This Mother’s Day, as she struggles to manage her cancer diagnosis and parent her children, the Princess of Wales is still the focus of unwanted media scrutiny. As someone who at the age of 6 learned that his father had leukemia, my Mother’s Day wish for the princess is that the press grants her and her husband the kind of privacy that allowed my parents, especially my mother, to get through the toughest period in their lives free from prying eyes.

From the start of my father’s illness, my mother made it clear to me that his increasing thinness and frequent trips to the doctor were different from just being sick. We had entered a world of changed expectations, a world we would cope with day by day. There were no long family talks about medical treatment, no what-ifs on what might happen if the leukemia progressed.

“You can come with us to the doctor’s,” my mother said in the summer my father’s treatments began. It was OK to be fearful, even sad, during the year and a half that followed. My mother made no effort to hide her worries.

The adjustments I made without being told what to do never felt like burdens. I quickly realized that I should no longer ask my father to let me ride on his shoulders and that feeding the cat was now my job. In the last weeks of his life, when he chose to die at home rather than in the hospital, I adjusted again to what had become our new family normal. I understood by watching how my mother entered and left his room when I could sit on my father’s bed and talk and when I should let him sleep.

My father died early in the morning on a school day. My mother realized what had happened as soon as she awoke, but she did not want to alarm me. She quietly went downstairs and made breakfast as usual before I walked to school with our neighbor and her son. Only after I was gone, did my mother call the police and my father’s doctor.

It was not until I returned home late in the afternoon that my mother told me Father had died. “He always talked about how much he would miss you,” my mother said. I did not feel deceived as I sat on her lap and cried, and years later, when I learned all my mother had taken on by herself, I was filled with awe.

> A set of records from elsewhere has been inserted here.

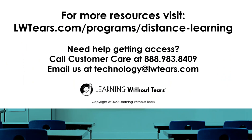For more helpful resources, visit lwtears.com/programs/distance learning. If you need some help, we encourage you to call Customer Care at 888-983-8409 or email us at technology@lwtears.com. Thank you.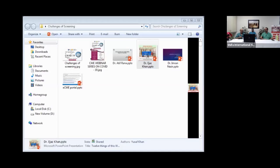I'm going to give a brief talk about when, who, where, and what to test. I have no disclosures. The objective of my talk is to recognize factors to consider for testing, know when, what, and whom to test, prioritize testing, and address high-risk groups.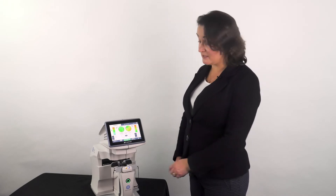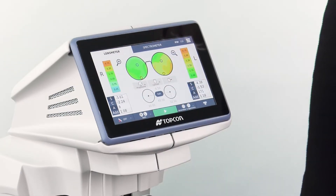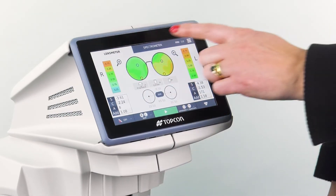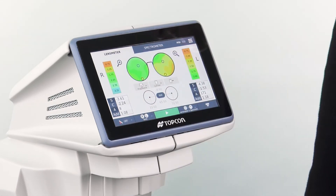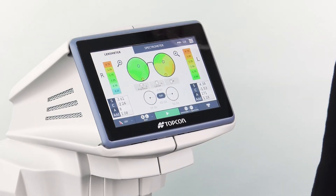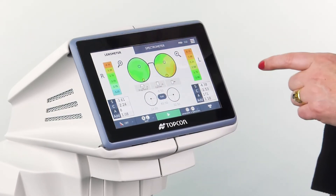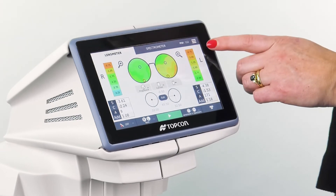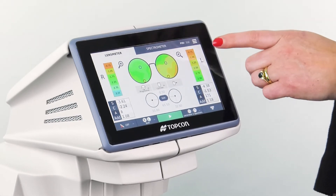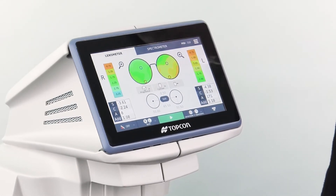The Solos automatically recognises the lens type as progressive, and the power map for each lens is shown at the top. In this case it's set to show the amount of cylinder in diopters, indicated by the colour code down the side.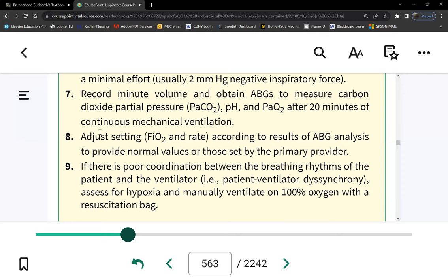When very high FiO2 is necessary — such as 100% — we must use PEEP to prevent alveolar collapse. This brings us to the next important setting.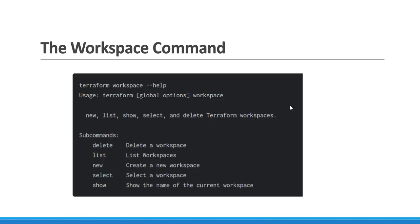These are the workspace commands used to create, delete, show, and list workspaces. For example, to delete a workspace: 'terraform workspace delete' followed by the workspace name. Similarly we have list, new, select, and show commands. These five commands are available on the Terraform website.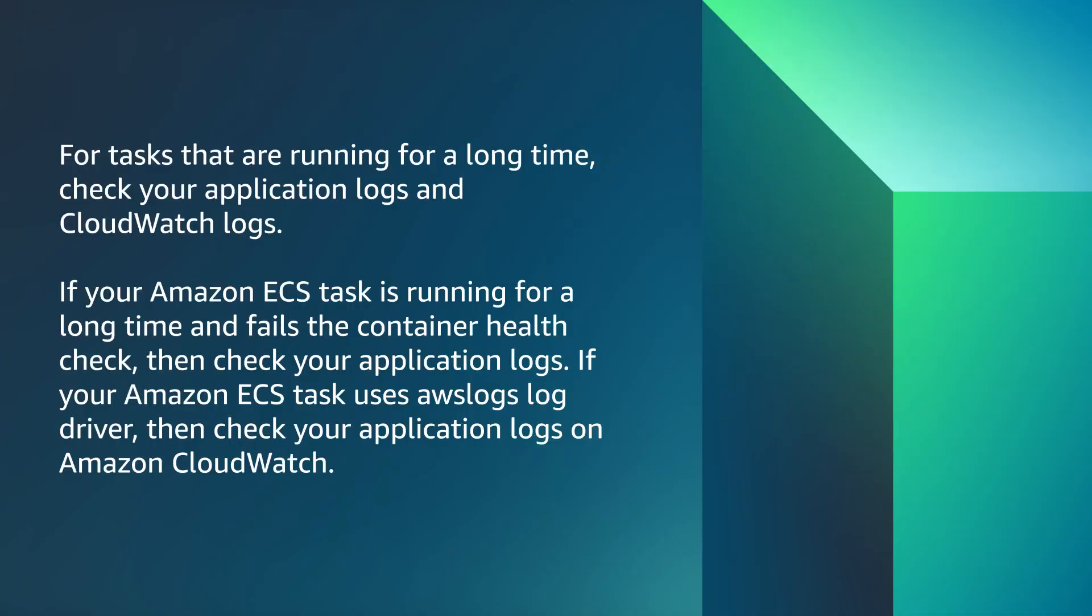For tasks that are running for a long time, check your application logs and CloudWatch logs. If your Amazon ECS task is running for a long time and fails the container health check, then check your application logs.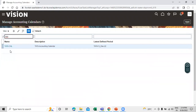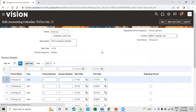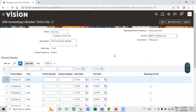Our accounting calendar has been created. This is how you can create an accounting calendar in Oracle Fusion Supply Chain Management. Thanks for watching this video. Thank you so much.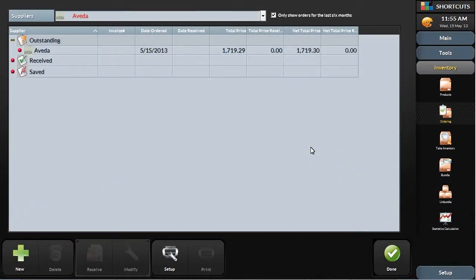Then, when the order comes in, it's a quick process to put the product counts into the system, so you always have an up-to-date count.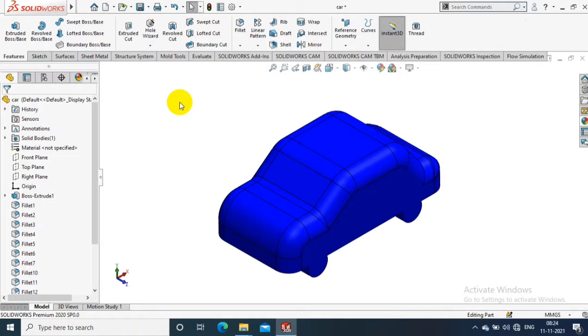Now I have a car model in SOLIDWORKS. Let's see how to save it in STL file format.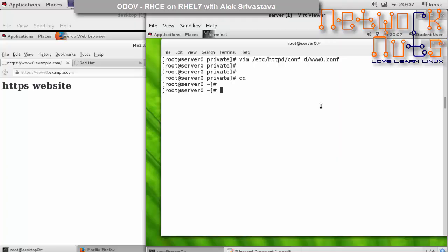Once we have launched the HTTPS website, it's a static website but a secure website with numerous benefits. The last objective from the RHCE examination perspective is that you should be able to launch some dynamic content using the TLS website.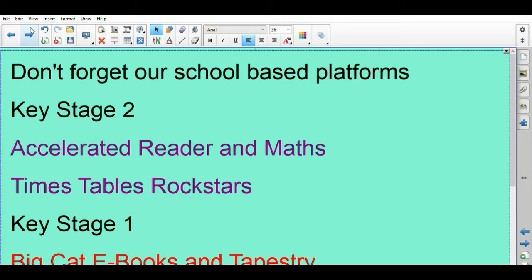Accelerated Reader and Accelerated Maths should be being used. There's lots that you can be doing on there. Every time you've read a book you should be able to find it and quiz on it to see how well you've understood it and to help you select another book.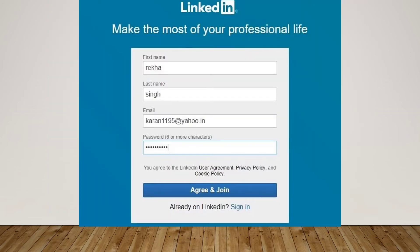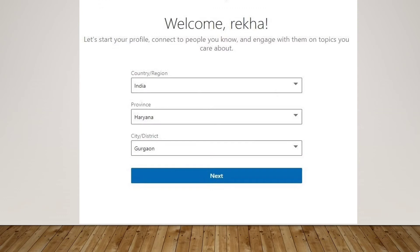Then a new page will open and you need to fill up the details like your first and last name, email address, and password. After that, click on 'Agree and Join.' Then a new page will appear asking for further details — fill up the required details including your country, province, and city or district.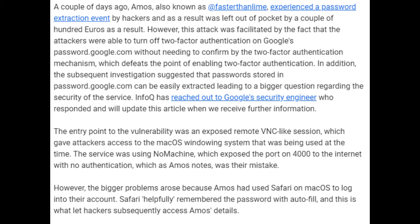InfoQ has reached out to Google's security engineer who responded and will update this article when further information is received. The entry point to the vulnerability was an exposed remote VNC-like session, which gave attackers access to the macOS windowing system that was being used at the time. The service was using no-machine, which exposed port 4000 to the internet with no authentication, which as Amos notes, was their mistake.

At the funeral for my father, he lay in an open casket. My mother wanted me to understand that he had not “passed away.” His death was permanent. A different life now awaited us. Looking into the casket, I was struck by how healthy my father appeared, but seeing him there was like staring at a photo. I would, I knew, never see him again. My last goodbye to my father came a week later when I helped spread his ashes in our backyard garden.

I have already outlived my father by over a decade. If I could turn back the clock, I would willingly give up the extra years I have been granted so he could have them added to his life. But that is the extent of my magical thinking. Longevity does not by itself seem nearly so important to me these days as a life shared with those I love. That’s the legacy my parents made credible by trusting their own values when cancer struck.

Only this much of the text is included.